**WHAT TO WORK ON**: Give back exactly the lines of the material below that start at the one holding "an empty room with windows" and end at the last line, minus the pictures.

**DATA PROVIDED**:
================
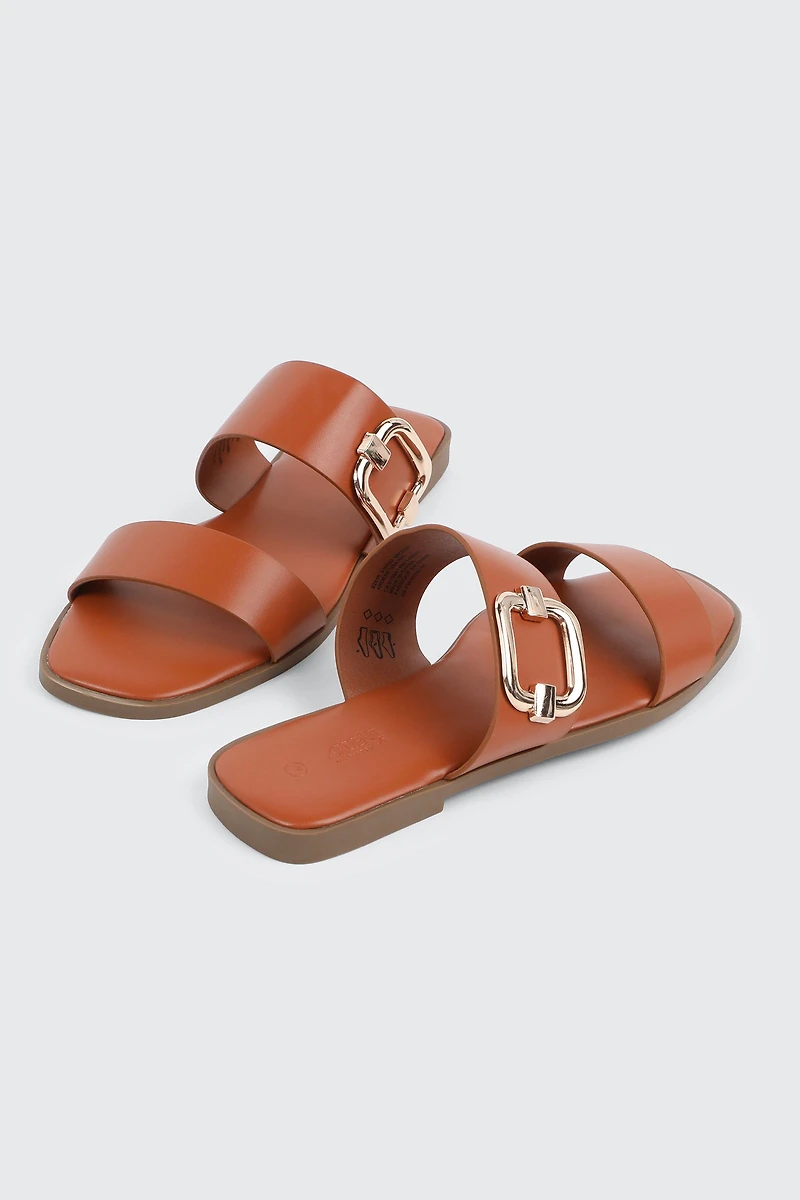 Sandales à talon plat et boucle volumineuse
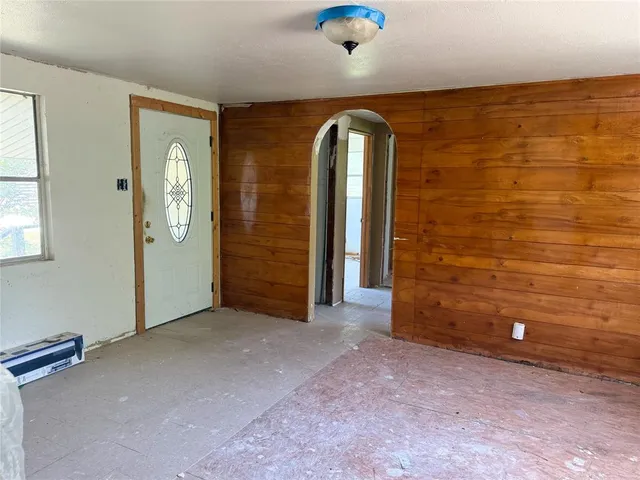 an empty room with windows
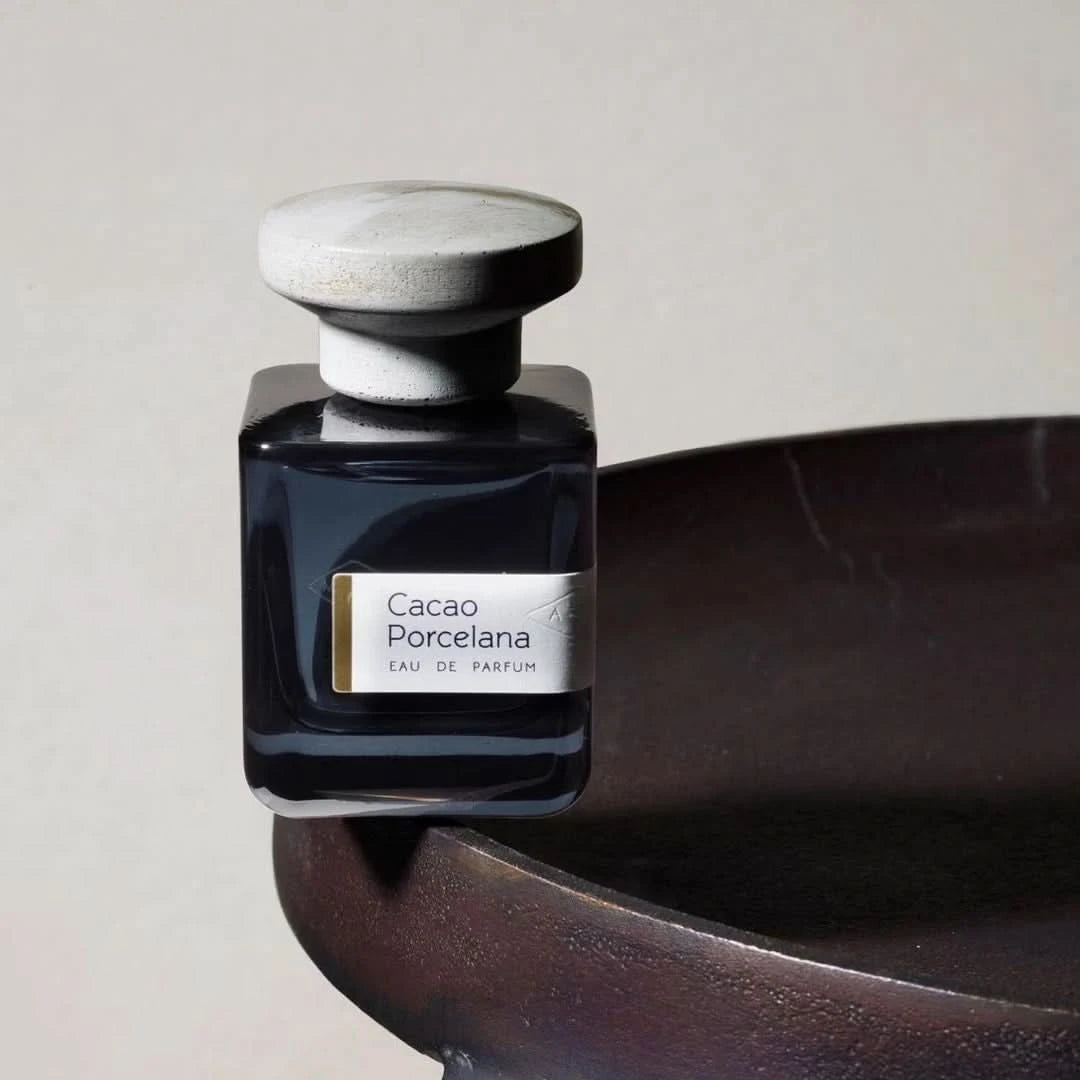 Atelier Materi Cacao Porcelana Eau de Parfum spray bottle, 100ml, featuring elegant packaging and dark chocolate-colored liquid.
================
**TASK SOLUTION**:
 an empty room with windows
 Atelier Materi Cacao Porcelana Eau de Parfum spray bottle, 100ml, featuring elegant packaging and dark chocolate-colored liquid.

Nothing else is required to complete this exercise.